■ Required work ■
An exact copy of the data is needed, but without any of its images.

■ Data excerpt ■
╔══

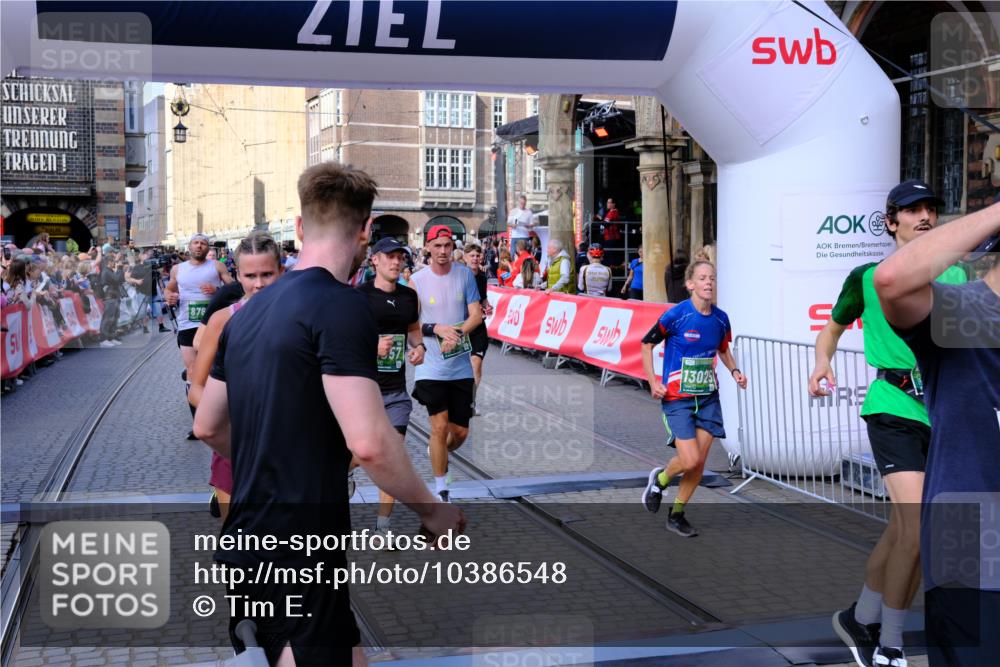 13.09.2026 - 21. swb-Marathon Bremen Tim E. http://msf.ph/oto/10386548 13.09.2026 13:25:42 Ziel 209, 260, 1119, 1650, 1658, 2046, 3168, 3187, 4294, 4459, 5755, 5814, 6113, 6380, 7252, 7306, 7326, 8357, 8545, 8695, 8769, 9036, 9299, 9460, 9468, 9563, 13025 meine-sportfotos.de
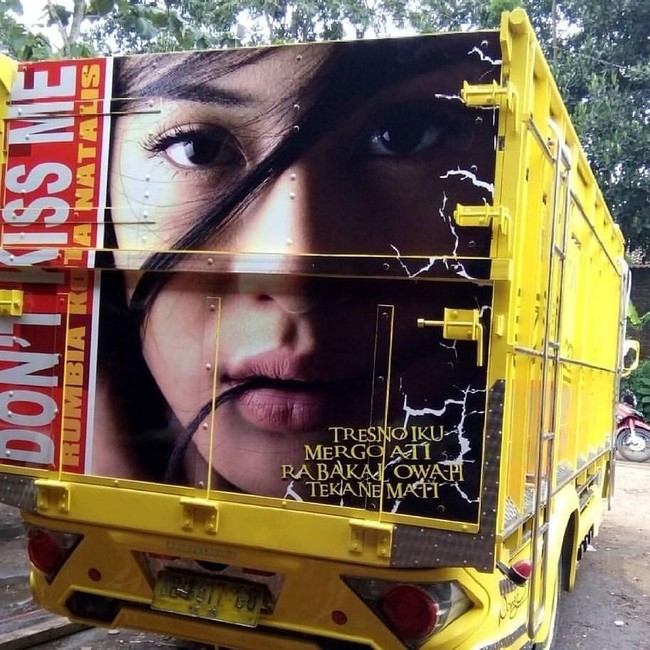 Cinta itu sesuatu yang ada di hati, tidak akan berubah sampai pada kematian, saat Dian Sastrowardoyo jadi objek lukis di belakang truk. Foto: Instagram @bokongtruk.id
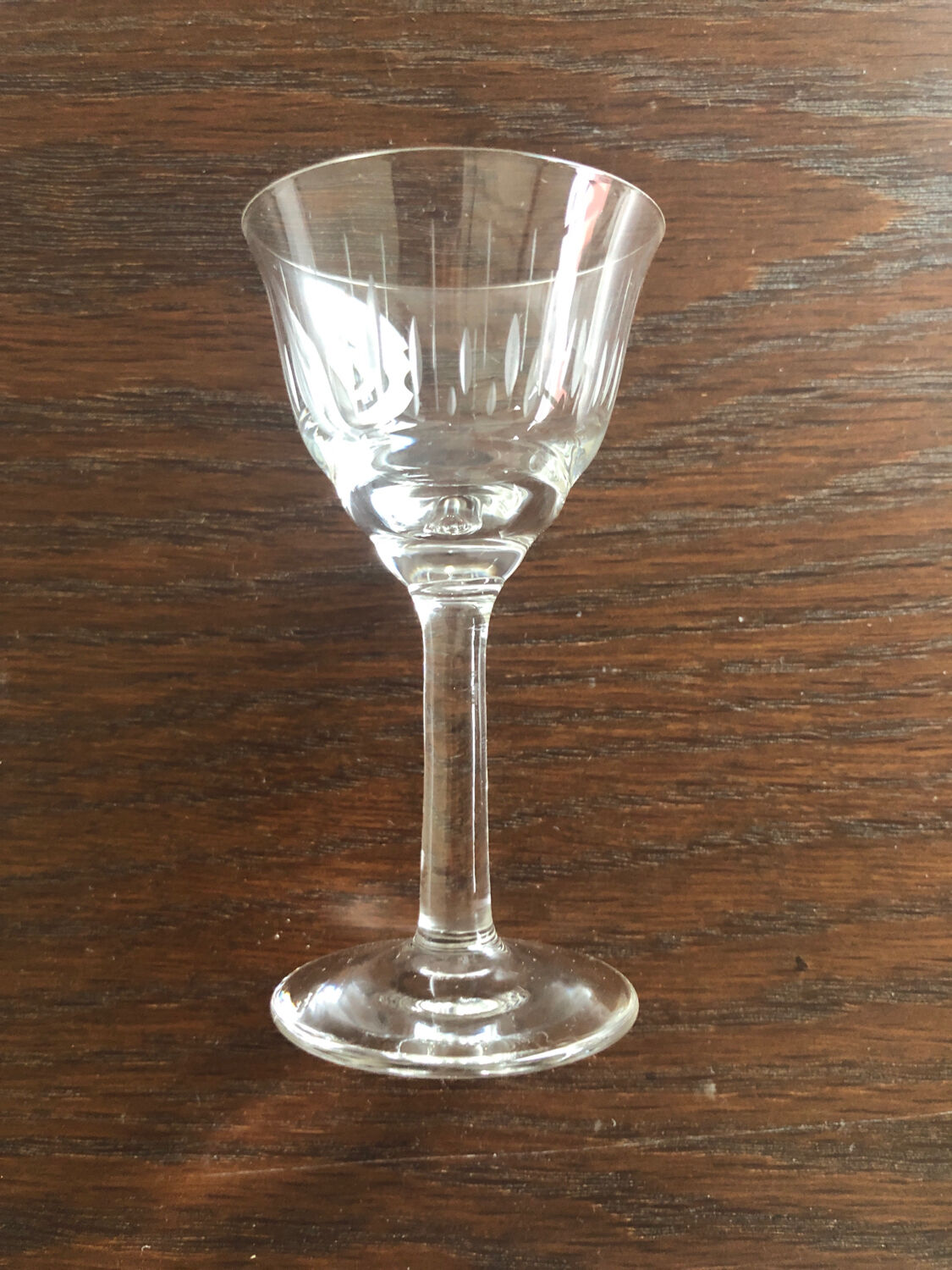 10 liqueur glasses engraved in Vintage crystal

╚══

■ Completed exercise ■
 13.09.2026 - 21. swb-Marathon Bremen Tim E. http://msf.ph/oto/10386548 13.09.2026 13:25:42 Ziel 209, 260, 1119, 1650, 1658, 2046, 3168, 3187, 4294, 4459, 5755, 5814, 6113, 6380, 7252, 7306, 7326, 8357, 8545, 8695, 8769, 9036, 9299, 9460, 9468, 9563, 13025 meine-sportfotos.de
 Cinta itu sesuatu yang ada di hati, tidak akan berubah sampai pada kematian, saat Dian Sastrowardoyo jadi objek lukis di belakang truk. Foto: Instagram @bokongtruk.id
 10 liqueur glasses engraved in Vintage crystal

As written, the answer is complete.